France just became the first country in the world to make it illegal for supermarkets to throw away or purposefully spoil unsold food. The unanimously passed law requires that supermarkets donate all unsold food to charities and food banks instead.
Why they did it
Harsh economic conditions in recent years led to a rising number of supermarket dumpster foragers, or people looking to capitalize on the many pounds of food thrown away before its expiration date.
To stop this practice, some supermarkets began to pour bleach in their dumpsters, and store almost-expired, unsold food in locked dumpsters and warehouses prior to collection by garbage trucks. As a result of these policies, much unspoiled, nutritious, and perfectly edible food went to waste in a country where many struggle to afford food for themselves and their families.

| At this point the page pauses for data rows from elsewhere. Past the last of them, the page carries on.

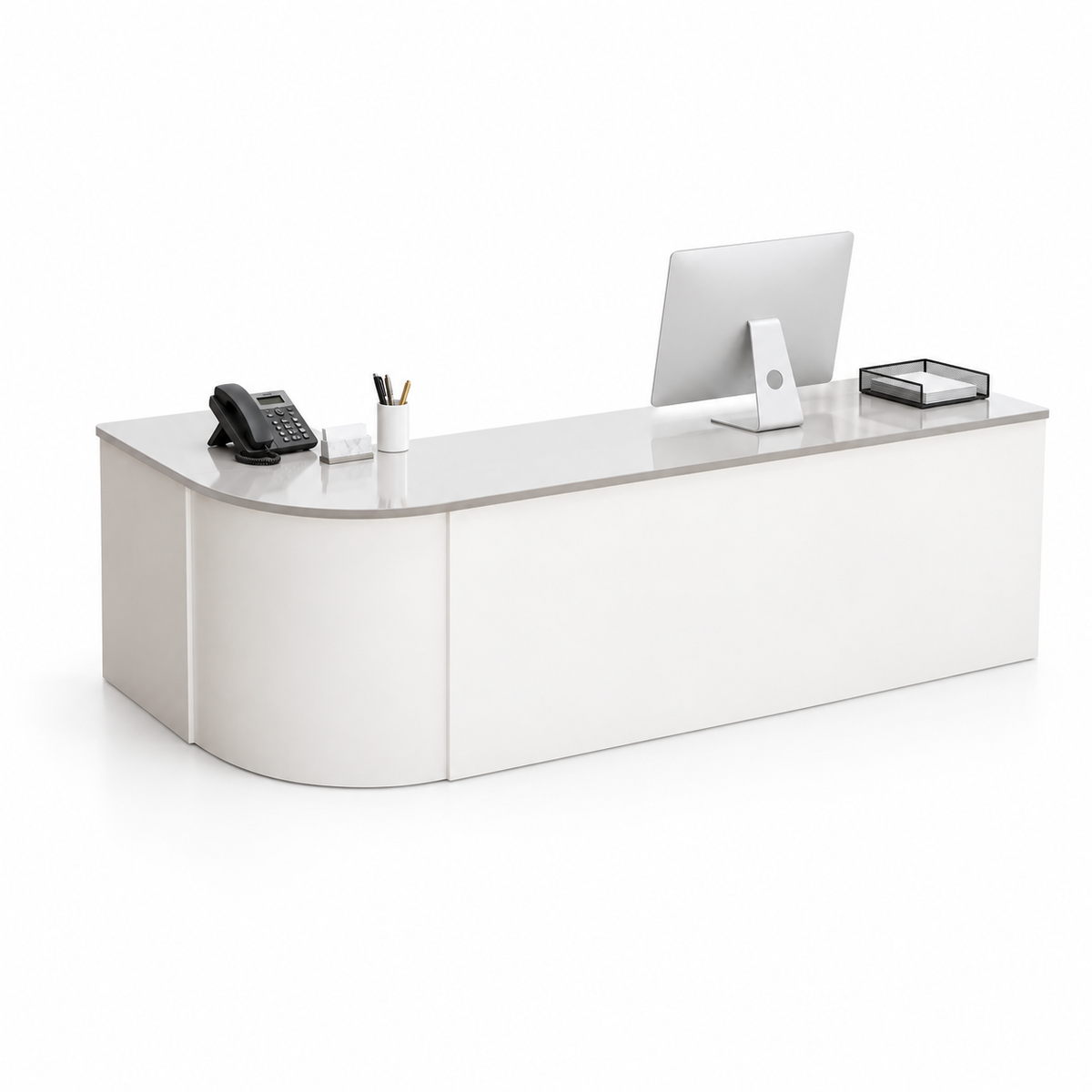 Rounded L-Shaped Reception Counter with Lockable Storage 3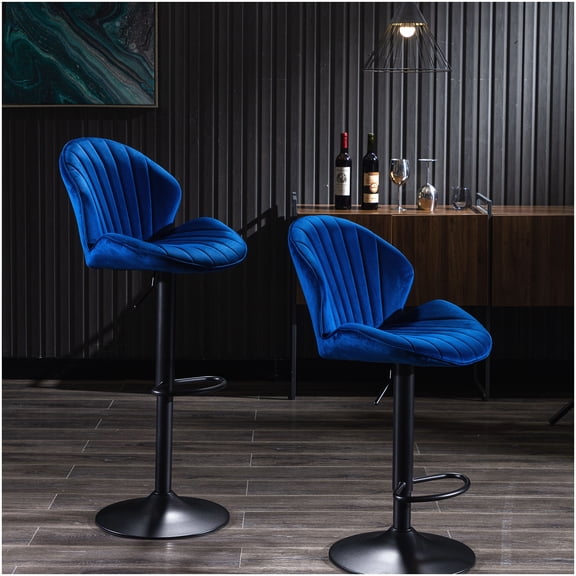 Adjustable Height Bar Stools Set of 2 with Back & Footrest, Soft Blue Fabric Counter Stools for Kitchen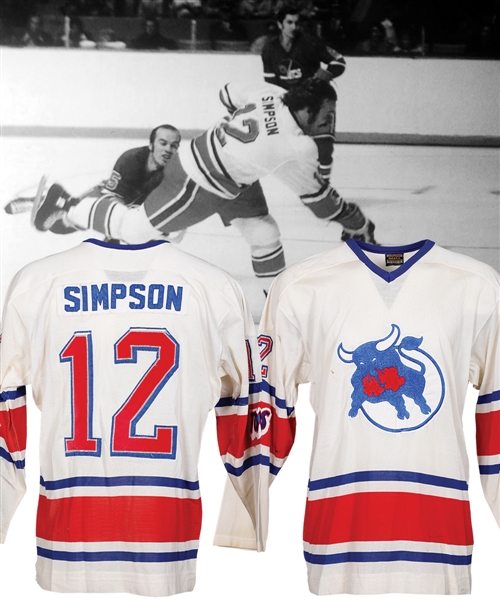 Tom Simpsons 1974-75 WHA Toronto Toros Game-Worn Jersey 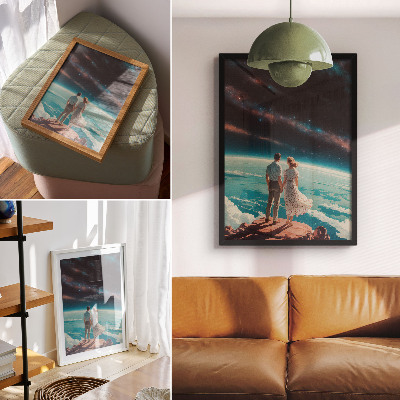 Poster People on a cliff towards the stars of space
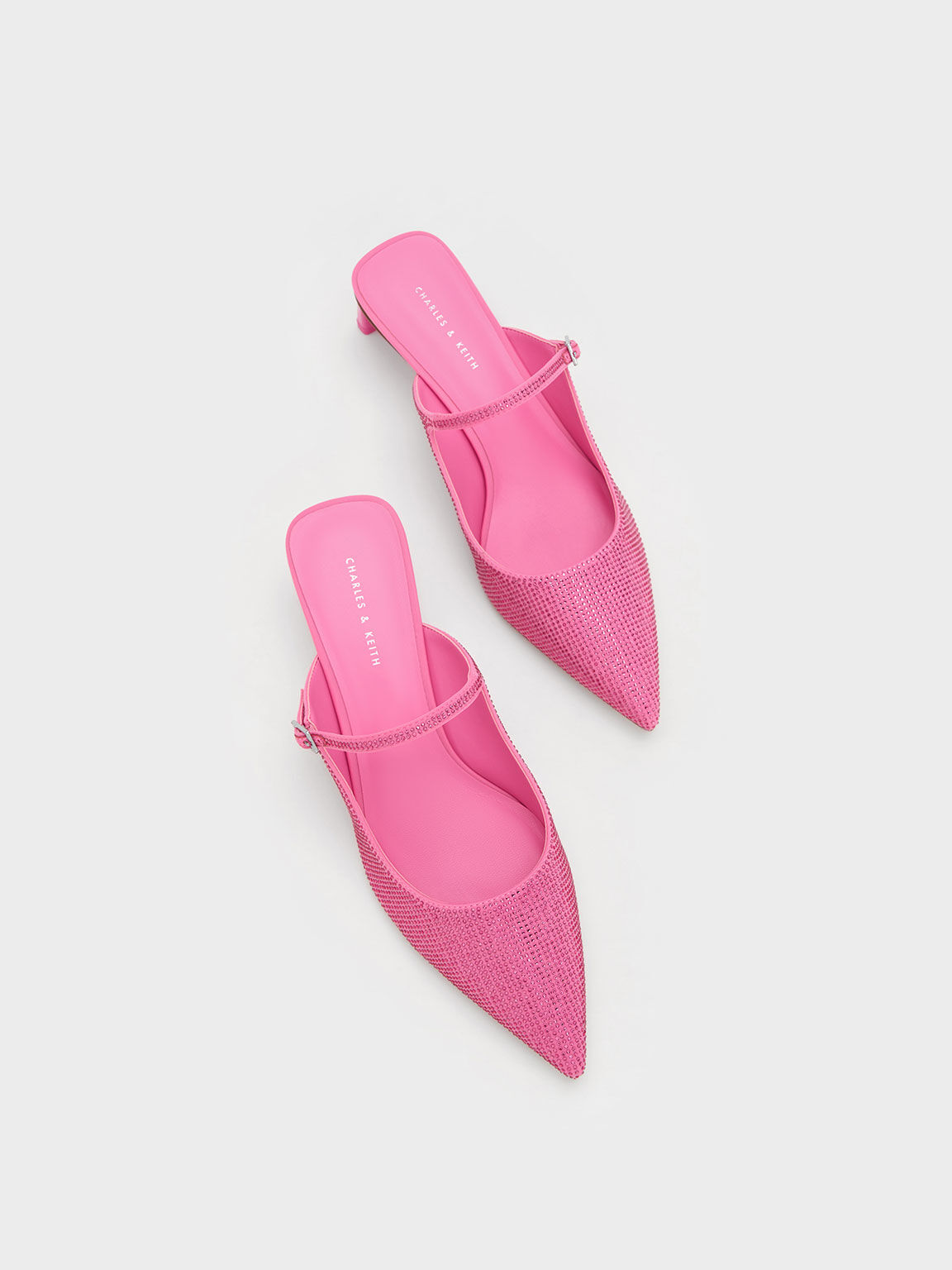 Pink Gem-Embellished Blade Heel Mules - CHARLES & KEITH TH
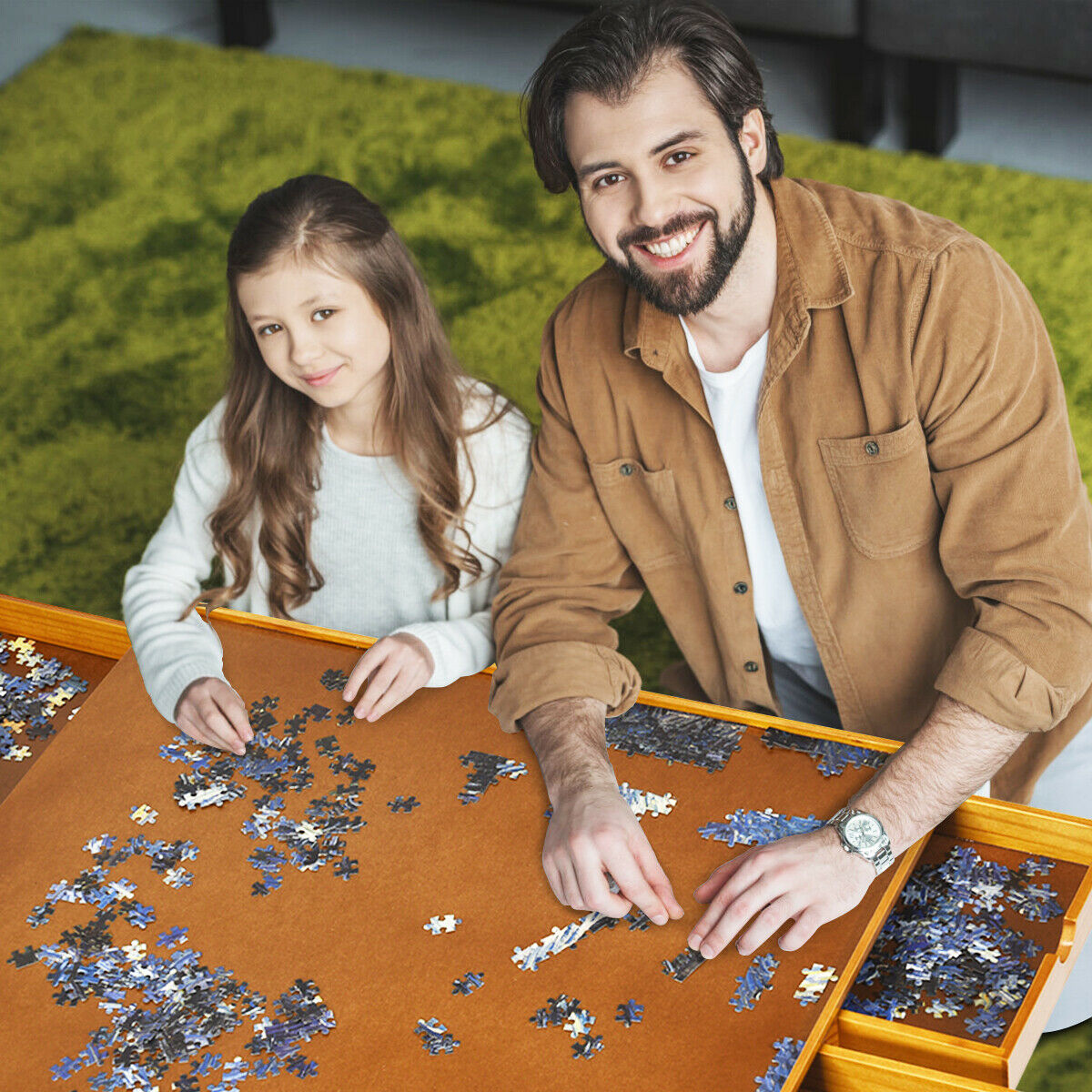 Wooden Jigsaw Puzzle Board with 4 Drawers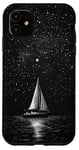 iPhone 11 Sailboat Minimalism Sketch Night Sky Stars Galaxy Case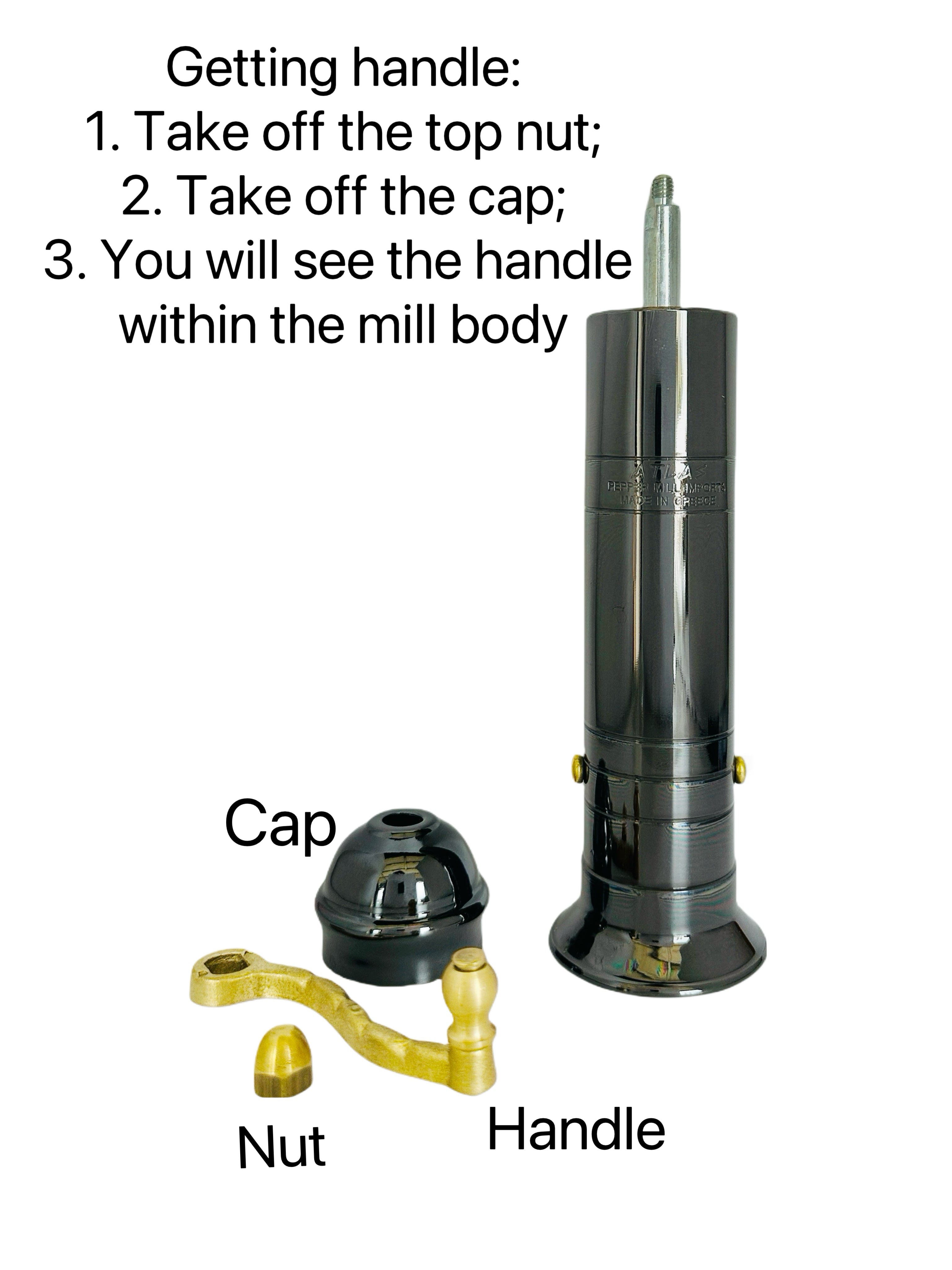 Instructions for removing a handle from a mill body with labeled parts on a white background.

The new law will have huge implications in terms of food availability and distribution. According to Jacques Bailet, the head of a network of food banks in France, food banks will be able to hand out 10 million more free meals to those in need. These people will also be able to access more nutritious food, such as meat and vegetables, which were lacking at food banks and charities before the bill was passed.
Why it’s important
According to a 2013 report, about $1 trillion worth of food is wasted every year worldwide. This means that about one-third of all food is thrown away, and one-quarter of calories produced for consumption is never actually eaten. In a world where many people do not have enough to eat, these statistics are shocking.
The USA is even more wasteful than most. Forty percent of our food is thrown away each year. Although we produce 3,900 calories per person daily, one in six Americans remain hungry. Much of our food waste occurs on the household level. In fact, the average American throws away about 20 pounds of food per person, per month.
The implications of food waste go beyond leaving people hungry. The current amount of food we produce, and then waste, is also completely unsustainable ecologically. Food is the number one item filling up our landfills, and one-quarter of all U.S. freshwater is used to grow food that is never even eaten.
Although banning supermarkets from throwing out food will probably not happen anytime soon in the U.S., there are things that we can do as consumers to change the situation.
Here’s how to waste less food:
Shop more often
More frequent trips to the store where you buy fewer items lead to less waste.
Planning meals and making a list before you shop will prevent you from buying food that you won’t actually use.
Reconsider bulk buying
Perishable bulk goods often go bad before you use them. And if you have to throw them away, you’re not actually saving any money!
Buy funny-looking produce
You know the fruits and vegetables that look like they’re the “wrong” size or shape? These are the most likely to be overlooked by consumers, and later thrown away by the store. But they’re actually just as nutritious and yummy as “normal” looking produce — we promise!
Use the “whole food”
We waste a lot of food by thinking that only part of a fruit or vegetable is edible. For example, broccoli stalks are delicious and can be cooked along with the florets, and pineapple core actually makes a tasty, fibrous, treat! Find out here if you are actually throwing away the most nutritious part of your produce.
By starting a compost pile, you can turn waste into a precious resource.
Reducing the amount of food we waste will make both our society and our environment healthier. What other reason do we need?